In case someone from our internal revenue service is reading this, we’d gone to London on business (New York and Paris too for the record). I am a member of a consulting network based there and we had projects to discuss. We also were due to present a workshop in Paris a few days hence so there was that to work on too. And yes, we’d also gone to see the art.
Art has also become a business for my wife and me. Big cities like London are a trove of small galleries and artists to be researched for ideas and markets. And of course, they are also home to fantastic collections in places like the Whitney, Guggenheim, Met, and MOMA in NY, The Tate Modern and Tate Britain in London, and the d’Orsay, Louvre, Pompidou Center, and Picasso Museum in Paris to name just a few. Although we didn’t see it all, we saw a lot of it. Many of the artists found in the modern collections of these great galleries are favorites and are sources of specific inspiration for projects my wife is currently working on.
For the record, and this will sound like one long inside joke if you don’t like art . . .
To digress, Cy Twombly was everywhere. The MOMA in NY has a gigantic and stunning example of the world’s most famous living scribbler’s work in the main gallery on the second floor of its stunning new facility. The Whitney featured an extensive series of his sketches, studies, and paper works (many of which are real head scratchers), and the Tate has a large four piece, four seasons series that to my eyes was sublime. Even Bergdorf’s had gotten into the act, showcasing Twombly art in its windows on Fifth Avenue.

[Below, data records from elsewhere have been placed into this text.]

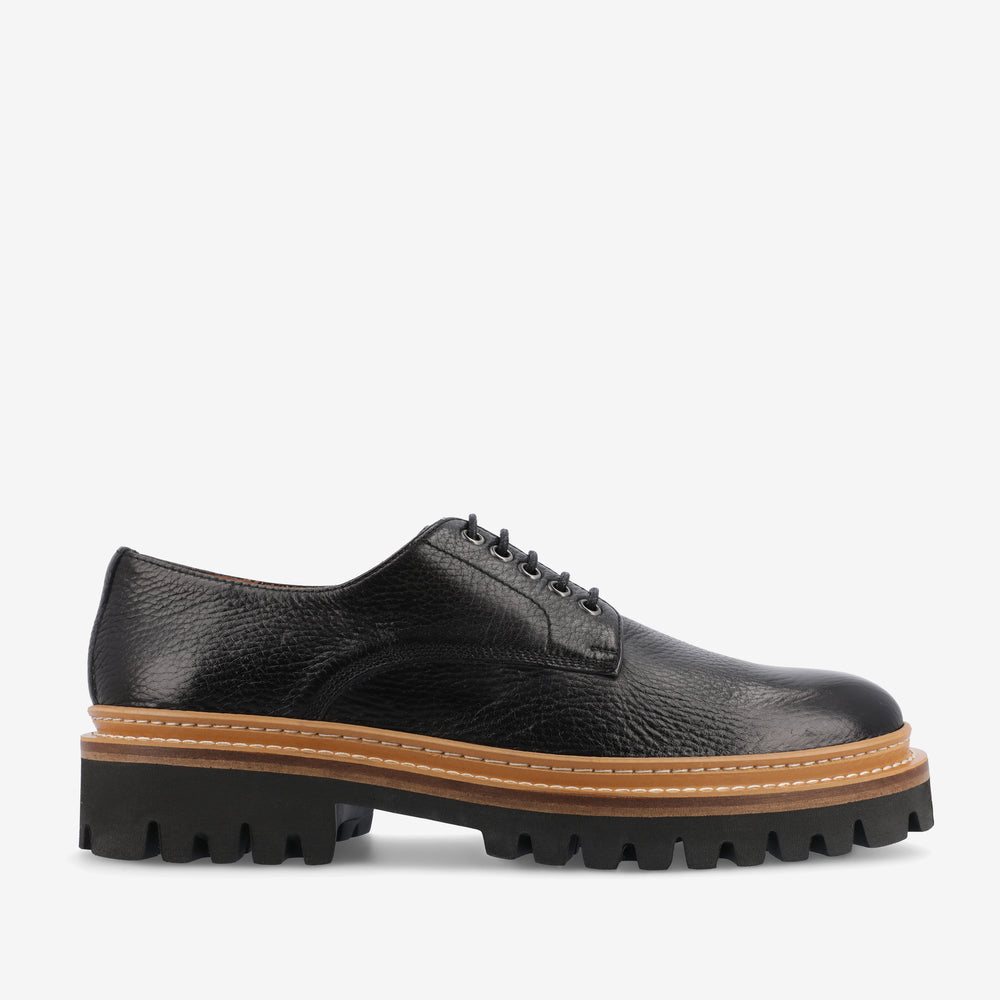 A black leather lace-up shoe with a thick, rugged tan and black sole.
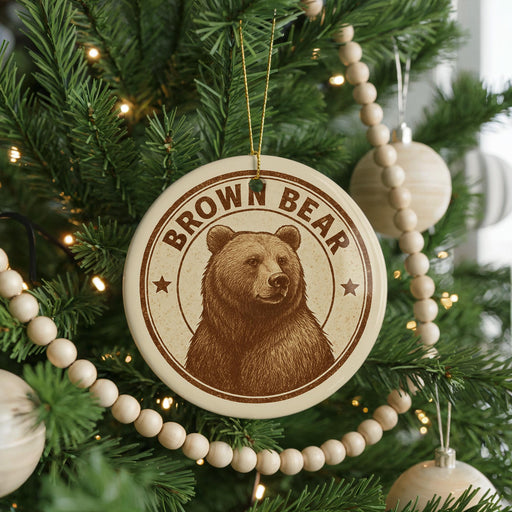 A Christmas tree decorated with ornaments, including a circular ornament with a brown bear image and the text "Brown Bear".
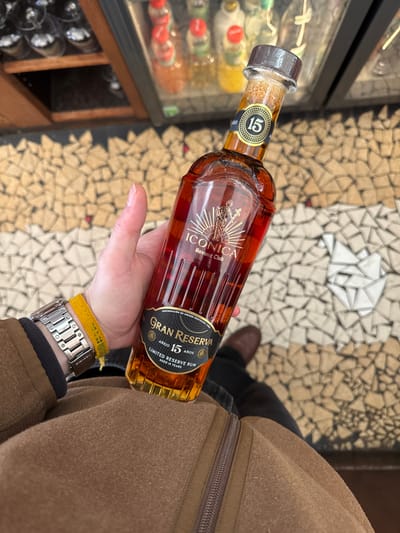 A person's left hand holds a bottle of Havana Club Iconica Gran Reserva Añejo 15 Años Limited Reserve Rum, filled with amber liquid, in an indoor setting within Boulogne-Billancourt, France. The hand exhibits a silver-toned wristwatch on the wrist and a yellow woven bracelet adjacent to it. The individual wears a brown zippered jacket and dark trousers, with a brown shoe visible on the right. The background features a mosaic tiled floor composed of irregularly shaped light-colored tiles, along with a blurred display cabinet containing multiple bottles and a rack of inverted glasses.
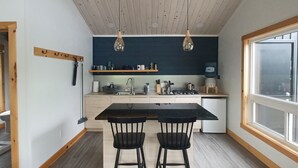 Une cuisine moderne dotée d’un îlot central, de deux tabourets de bar, d’un éclairage suspendu et d’une grande fenêtre.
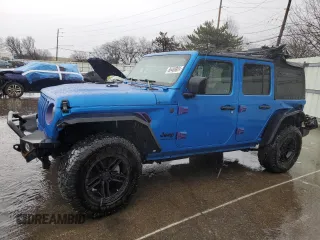 2023 Jeep Wrangler Sport S with VIN 1C4HJXDNXPW543376, listed as a Copart auction lot 86488024 with 35,935 mi miles and Salvage Title. Bid and sale history available at DreamBid. Image 1.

Frank Stella, one of the living giants of modern art thinks that Tim Hawkinson is one of the few people doing really innovative stuff and as luck would have it, Hawkinson had curated and put up a sweeping installation of his art at the Whitney. His art is not easily described as he doesn’t have a particular look, feel, or size. The first piece you see fills a room that’s probably 25 feet in every direction. I don’t even know what you’d call it. It’s made of big paper tubes and other industrial materials and looks like a bunch of people in odd positions each at the end of one of the joined tubes.